Our multi-age classroom at KiS comes with a few unique challenges. One of the trickiest is incorporating activities that include and appeal to the entire class. From my experience as a reading teacher, regular read-alouds are beneficial for students of all ages, so I decided we should share the book, The Wild Robot by Peter Brown, a heart-warming work of Science Fiction. This decision led to a ton of academic opportunities as well as quality community building. Students received many opportunities to make predictions, actively visualize and imagine, retell what they heard in the story, and connect the events back to their own lives.

Usually we read one or two chapters each day to kick off our literacy block, but as we delved deeper and deeper into the story, the students started wanting more, and they were definitely feeding off of each other’s energy. On a surprisingly related note, as the school year has gone on, we’ve been sharing more and more music during the morning meetings. One of my students is a big Twisted Sister fan, and one morning he requested We’re Not Going to Take It. When the other students heard the song, they were instantly fans for life. The song has become a regular request now as well as a silly response to classroom requests, even when there’s no true intention of bucking my instructions.

As we were approaching the end of The Wild Robot one morning, our second chapter left us on a climactic cliffhanger, and the kids begged me to continue. I gave in and read on for another two chapters, and when I told them we should stop for the day, a riot broke out like I had never seen in the classroom. The students began running around, chanting for more story, and eventually broke into a repeated chorus of We’re Not Going to Take It! As surprised as I was by the sudden rebellion, it made my teacher heart happy to see them so excited about our book!
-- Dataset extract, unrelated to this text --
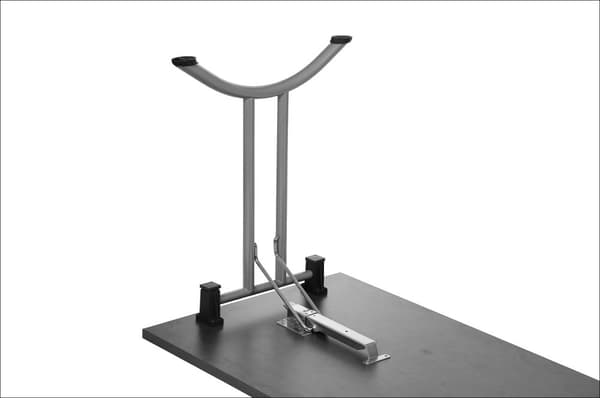 Fällbara ben för skrivbord och bord SC-922 - 59 cm, svart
I changed my reading block plan for the day in that moment of chaos, and we finished the book together. The chorus of cheers when I gave in to their demands for more of our shared story will always remain one of my favorite memories as an educator. As we finished the book that day, I wasn’t the only one who ended up a bit teary-eyed, and it wasn’t just because of the emotional ending to the novel. The student excitement that our shared reading cultivated and the community we have built while sharing this story combined to have my heart close to bursting. I can’t wait to figure out what we’ll read next!